To do: Give back each entry word for word, but drop the images.
··· The data
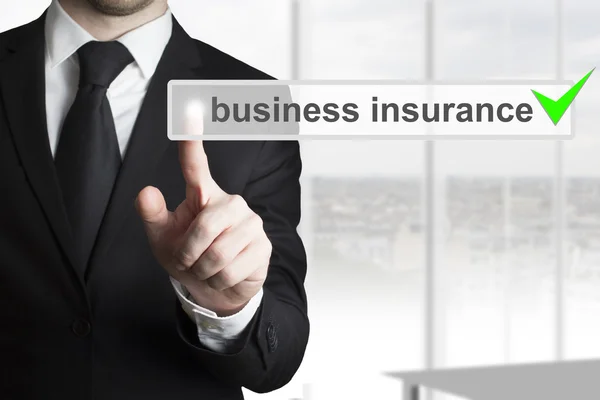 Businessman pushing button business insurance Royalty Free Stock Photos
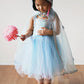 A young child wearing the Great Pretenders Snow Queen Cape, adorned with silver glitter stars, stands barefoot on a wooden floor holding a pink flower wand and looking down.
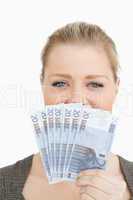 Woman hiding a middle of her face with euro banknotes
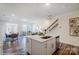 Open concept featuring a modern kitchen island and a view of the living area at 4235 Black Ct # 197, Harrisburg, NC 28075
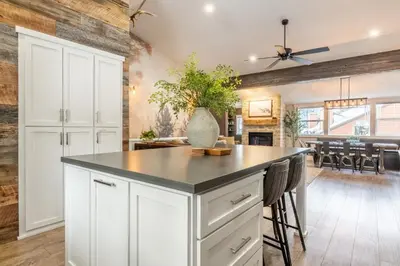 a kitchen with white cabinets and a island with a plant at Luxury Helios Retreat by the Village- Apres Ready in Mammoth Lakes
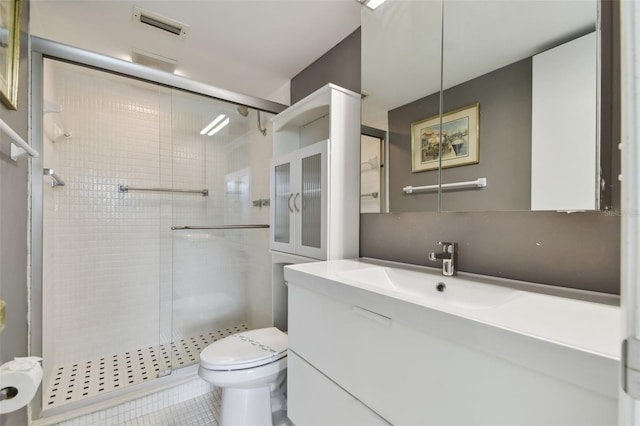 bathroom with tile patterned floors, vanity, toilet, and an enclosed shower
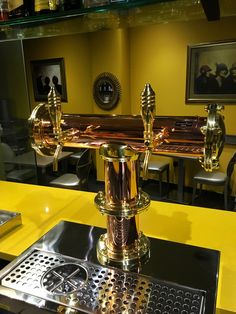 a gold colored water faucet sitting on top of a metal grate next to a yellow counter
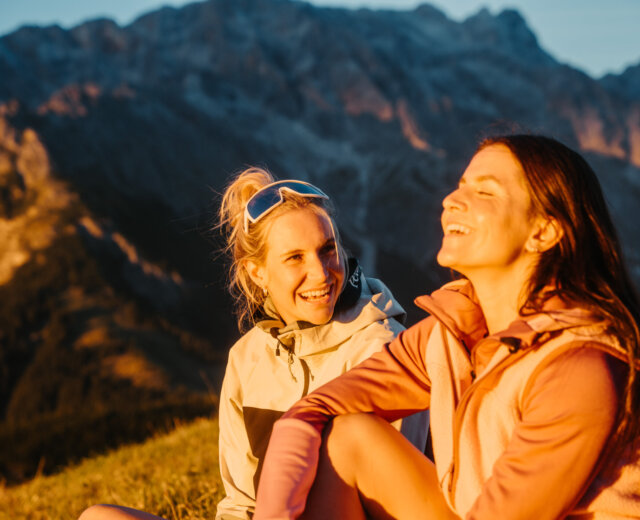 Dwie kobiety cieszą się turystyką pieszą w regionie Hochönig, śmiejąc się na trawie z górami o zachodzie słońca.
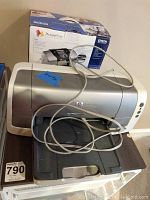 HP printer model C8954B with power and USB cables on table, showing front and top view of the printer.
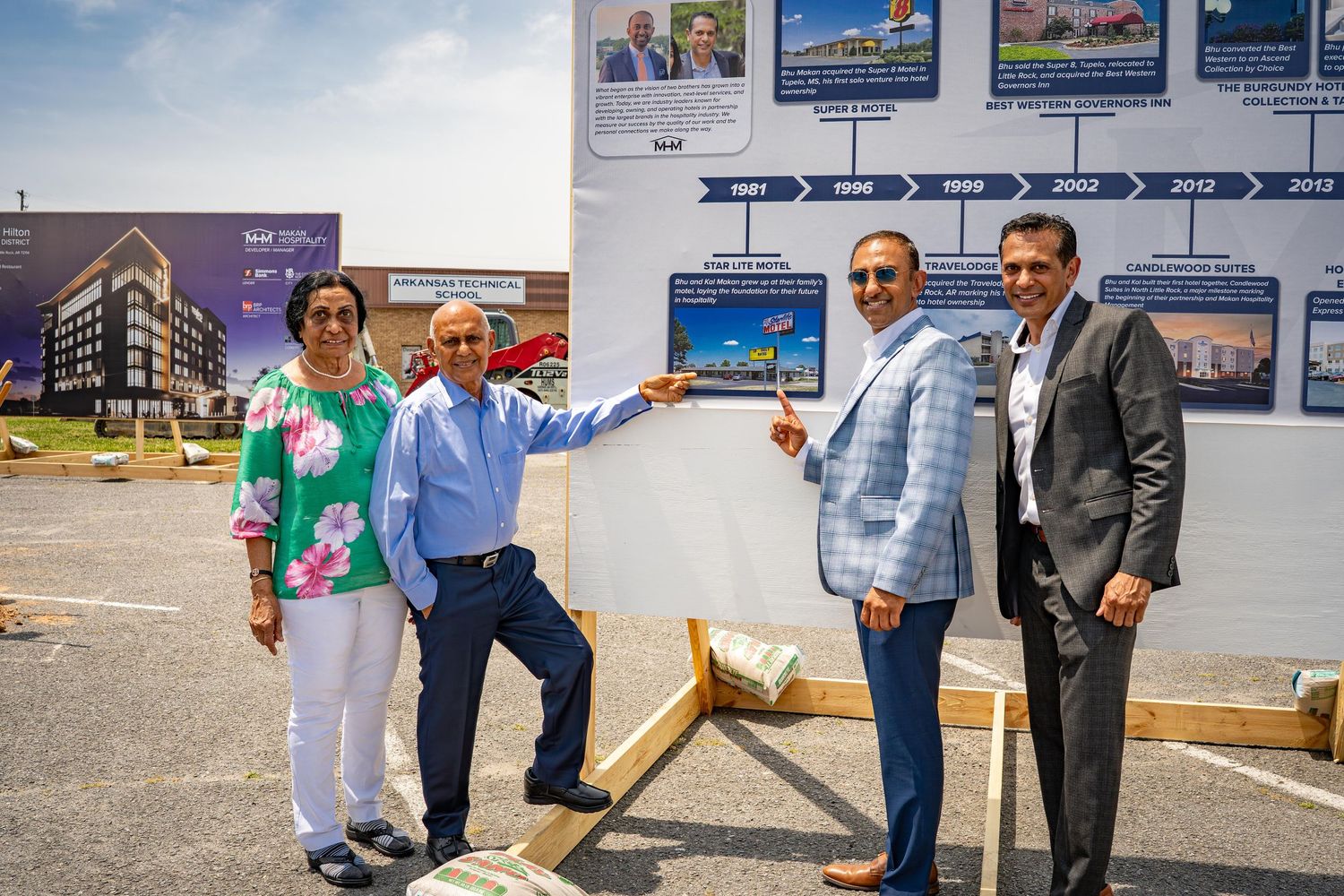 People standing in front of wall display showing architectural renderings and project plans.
······
Finished exercise:
 Businessman pushing button business insurance Royalty Free Stock Photos
 A young child wearing the Great Pretenders Snow Queen Cape, adorned with silver glitter stars, stands barefoot on a wooden floor holding a pink flower wand and looking down.
 Woman hiding a middle of her face with euro banknotes
 Open concept featuring a modern kitchen island and a view of the living area at 4235 Black Ct # 197, Harrisburg, NC 28075
 a kitchen with white cabinets and a island with a plant at Luxury Helios Retreat by the Village- Apres Ready in Mammoth Lakes
 bathroom with tile patterned floors, vanity, toilet, and an enclosed shower
 a gold colored water faucet sitting on top of a metal grate next to a yellow counter
 Dwie kobiety cieszą się turystyką pieszą w regionie Hochönig, śmiejąc się na trawie z górami o zachodzie słońca.
 HP printer model C8954B with power and USB cables on table, showing front and top view of the printer.
 People standing in front of wall display showing architectural renderings and project plans.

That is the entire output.